Dados longitudinais do SWAN encontraram associação entre maior atividade física e melhor preservação da densidade óssea ao longo da transição menopausal e da pós-menopausa.
Alimentação precisa sustentar essa estrutura
Cálcio, vitamina D e proteínas participam da manutenção da saúde óssea.
Isso não significa que toda mulher precise tomar suplementos.
A necessidade deve ser avaliada considerando alimentação, exposição solar, exames, idade e outras condições de saúde. A orientação nutricional individualizada pode ser muito útil.
Alguns hábitos também contam
Evitar tabagismo, moderar o consumo de álcool, manter atividade física e prevenir quedas fazem parte da estratégia de proteção óssea recomendada para mulheres após a menopausa.
Se você tem histórico familiar de osteoporose, menopausa precoce, baixo peso, fratura prévia ou utiliza medicamentos que podem afetar o osso, vale partir para uma avaliação mais específica e cuidadosa. Agende sua avaliação agora mesmo.
Terapia hormonal protege contra a perda óssea?
A terapia hormonal pode reduzir a perda óssea e o risco de fraturas enquanto está sendo utilizada em mulheres adequadamente selecionadas.

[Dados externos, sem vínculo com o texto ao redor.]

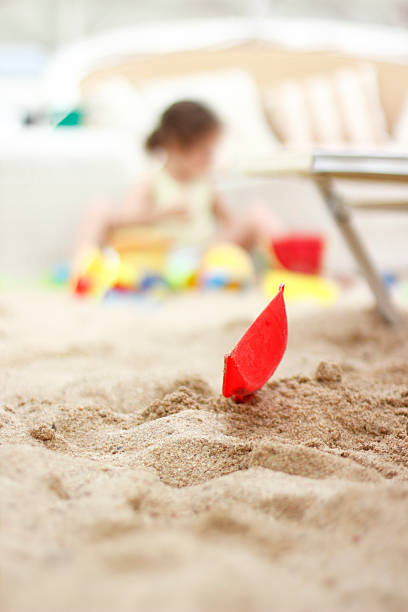 Girl playing on the beach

Esse é um benefício reconhecido da terapia hormonal da menopausa.
Mas isso não significa que toda mulher deva usar hormônio para proteger os ossos.
A decisão sobre terapia hormonal considera vários pontos ao mesmo tempo:
- sintomas;
- idade;
- tempo desde a menopausa;
- histórico pessoal;
- presença de contraindicações;
- riscos cardiovasculares e trombóticos;
- saúde óssea;
- preferências da própria mulher.
Quando existe osteoporose estabelecida ou risco elevado de fratura, também existem medicamentos específicos para o tratamento da doença, cuja indicação depende da avaliação individual.
Esse assunto merece uma conversa própria. Por isso, recomendo também a leitura de Terapia hormonal na menopausa: o que entra na decisão.
Perda óssea na menopausa: prevenir antes de tratar
Quando falamos em saúde óssea, existe uma vantagem importante em começar cedo.
É mais interessante construir bons hábitos, reconhecer fatores de risco e investigar quando necessário do que esperar uma fratura acontecer para descobrir que o osso estava fragilizado.
Isso não significa viver com medo da osteoporose.
Significa incluir os ossos dentro da visão de saúde da mulher 40+, assim como fazemos com pressão arterial, colesterol, saúde ginecológica, músculos, sono e alimentação.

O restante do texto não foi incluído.